### TASK REQUIREMENTS
Apart from the images, the records below need to be copied exactly.

----------

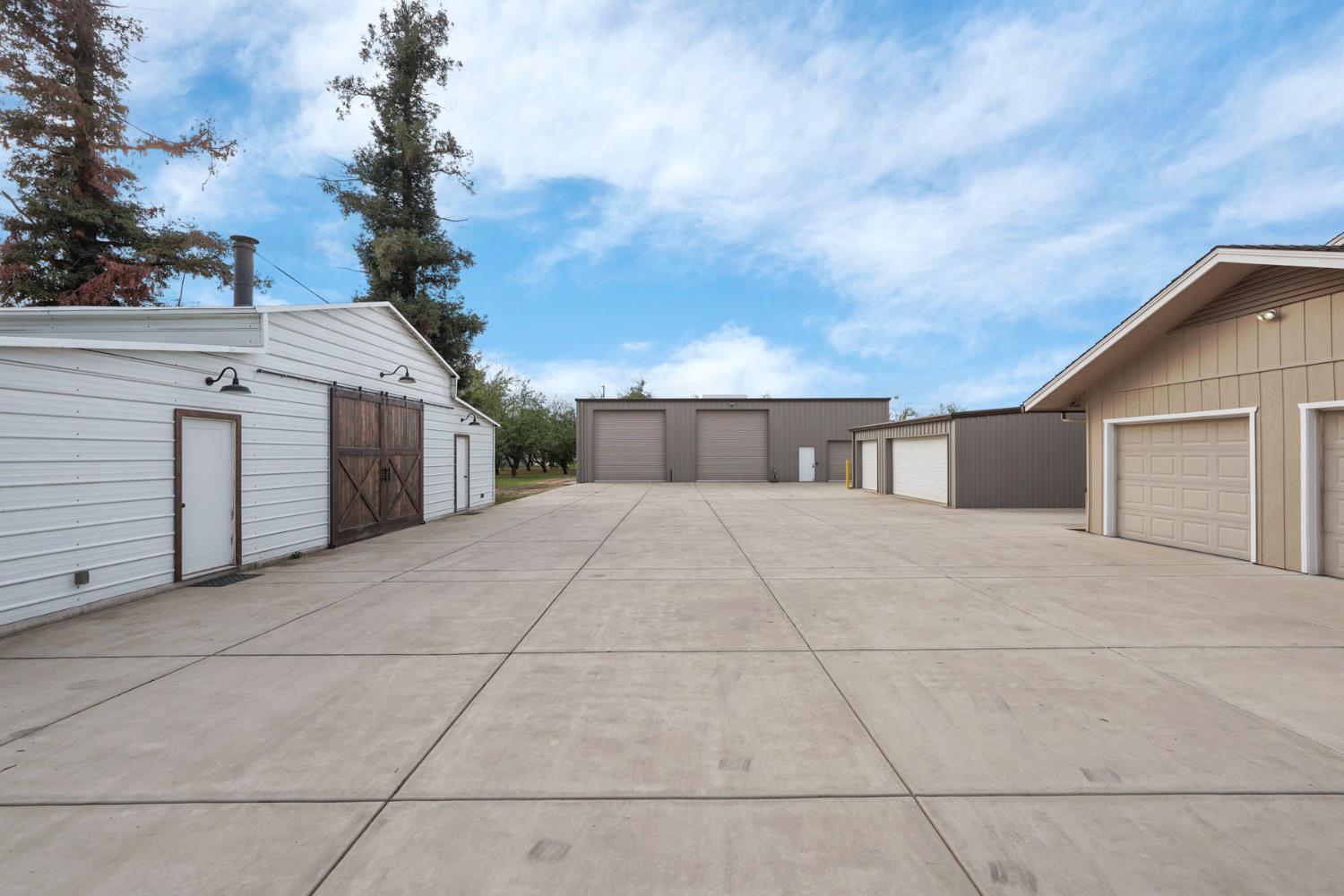 22022 South 99 Frontage Road Ripon, CA 95366 - Photo 44 of 46 a front view of a house with yard
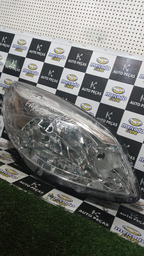 FAROL SANDERO 2012/2014 FAROL MANUAL CROMADO LADO DIREITO 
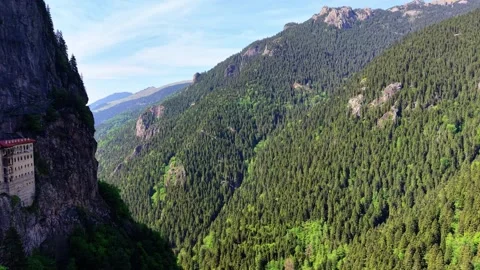 Forward Flight Along Forested Cliff with Sumela Monastery on the Left 스톡 동영상 340428353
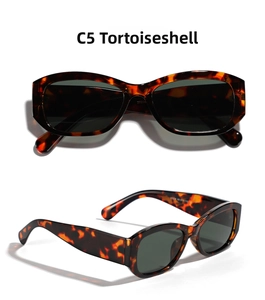 Detailed close-up of retro square tortoise sunglasses with green lenses and wide frame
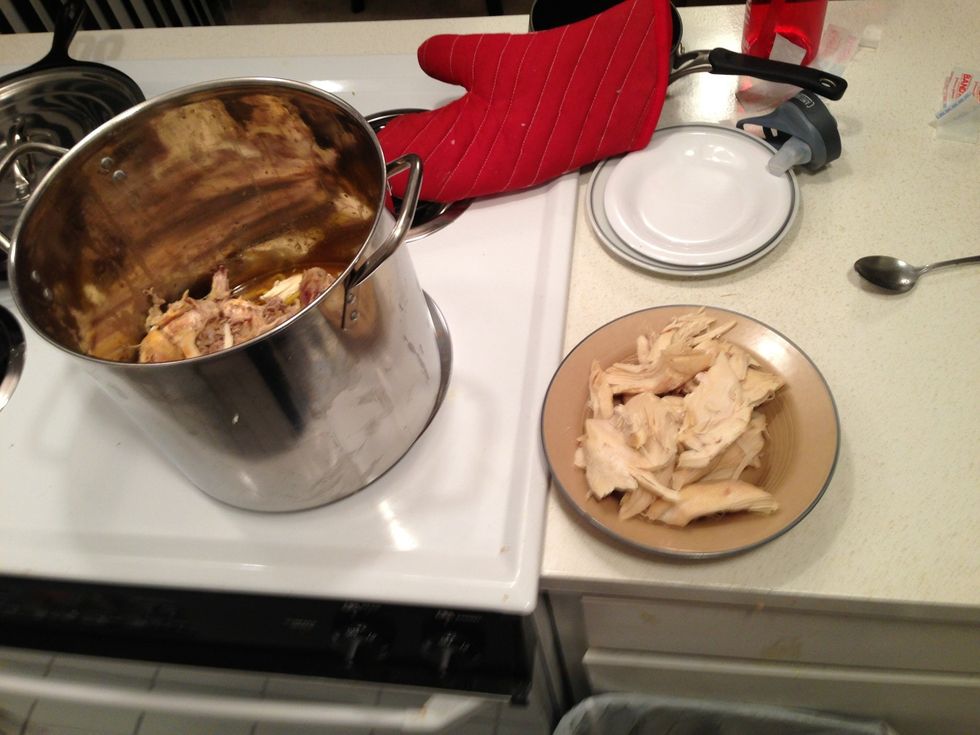 Save the meat for the soup tomorrow and for dinner to tonight. Putting the bones and left over chicken carcass in stock pot.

----------

### ANSWER SECTION
 22022 South 99 Frontage Road Ripon, CA 95366 - Photo 44 of 46 a front view of a house with yard
 FAROL SANDERO 2012/2014 FAROL MANUAL CROMADO LADO DIREITO 
 Forward Flight Along Forested Cliff with Sumela Monastery on the Left 스톡 동영상 340428353
 Detailed close-up of retro square tortoise sunglasses with green lenses and wide frame
 Save the meat for the soup tomorrow and for dinner to tonight. Putting the bones and left over chicken carcass in stock pot.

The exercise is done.